CHARLESTON, W.Va. (AP) — A program aimed at offering low-level drug offenders treatment instead of jail time has been deemed successful, years after it began in West Virginia's most populous county.

Most of those who enter the Law Enforcement Assisted Diversion program implemented three years ago in Kanawha County are not arrested again, officials in Charleston told WCHS-TV .

As the addiction services director at Prestera Center, which offers mental health services in several counties, Dana Petroff has seen more than 150 offenders go through the program. Nearly three quarters of those who were sent to the program had not been rearrested, she said.

"Six months after referral into our program, we have a 74 percent success rate," Petroff said.

LEAD is expanding into southern West Virginia and cities north of Charleston, Petroff said. She believes that extension is largely based on the program's success in and around the city.

"Until we have fewer addicts and less people who are dependent on these opioids, the crisis is going to continue.

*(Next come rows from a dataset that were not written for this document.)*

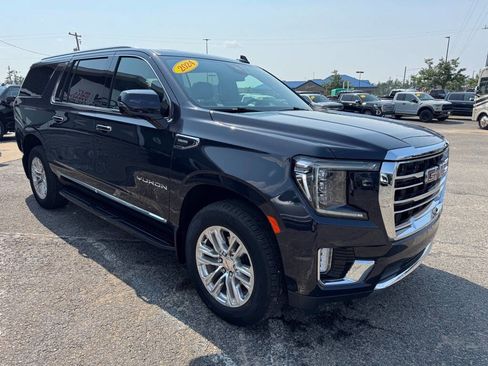 Used 2024 GMC Yukon XL SLT image 7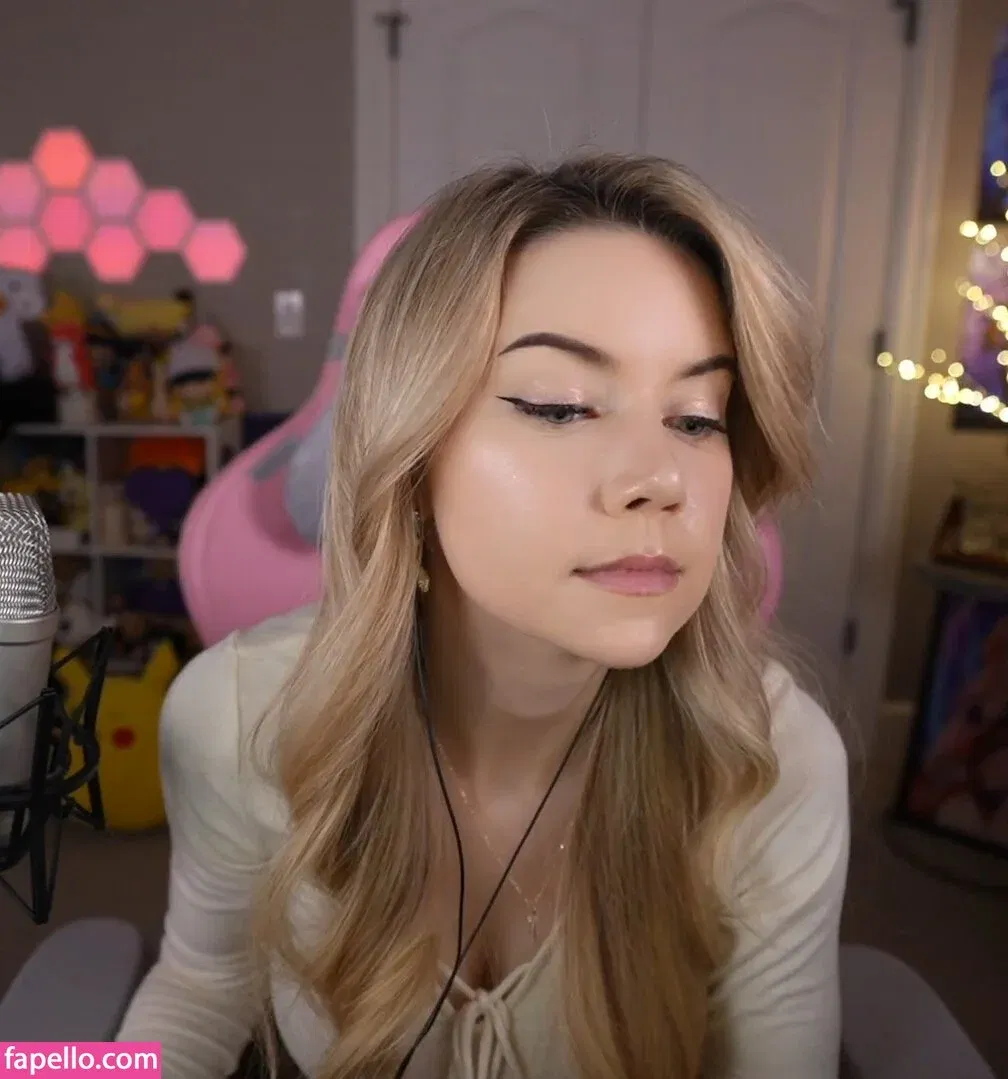 Dizzykitten Onlyfans Photo Gallery 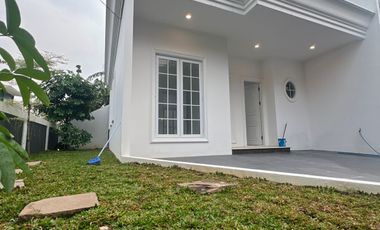 Rumah baru di komplek nyaman dan tidak banjir akses toll Jatiwaringin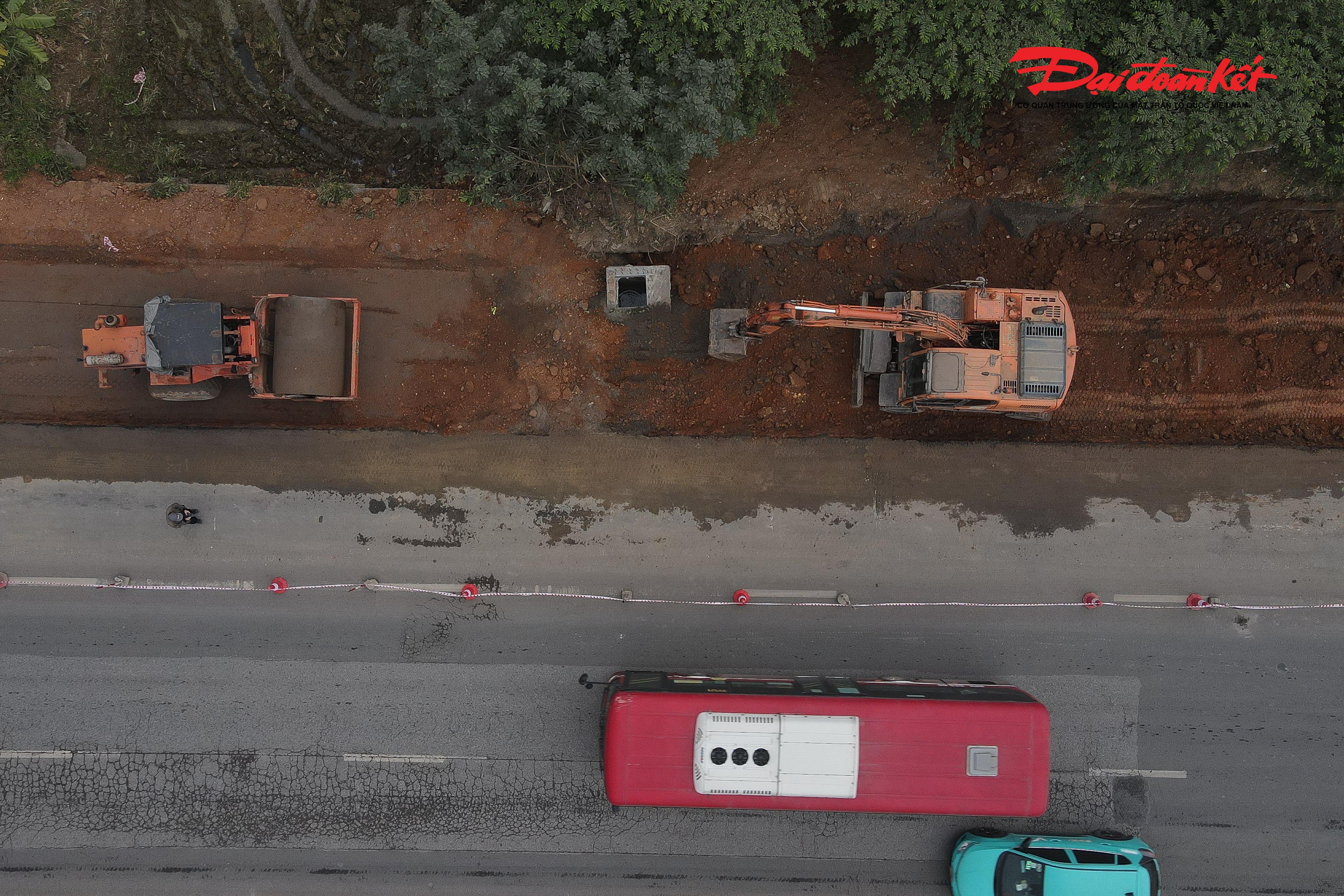 Máy móc, thiết bị cùng gần 100 công nhân đang được huy động tối đa, đẩy nhanh tiến độ thi công.. 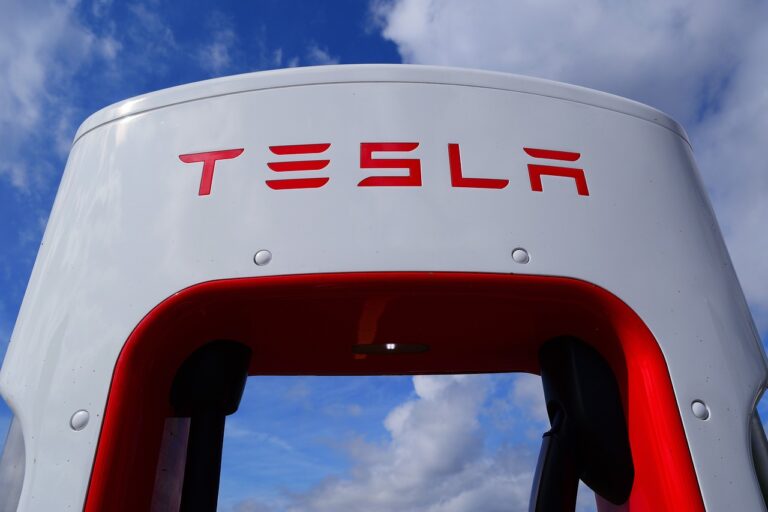 découvrez pourquoi tesla connaît une chute en europe, sauf dans certains marchés clés. analyse des facteurs qui influencent cette tendance et des régions où la demande reste forte.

Crime is going to continue to skyrocket," Charleston police Chief Steve Cooper said.

Heath Johnson was 22-years-old when a foot injury led him to become addicted to prescription pills, he said. A Saint Albans police officer offered him treatment through the LEAD program.

"The place that I was at in my life, if I got sober and I'm doing what I am now, then it's possible for anybody," Johnson said. "They just have to have those doors and those avenues opened up."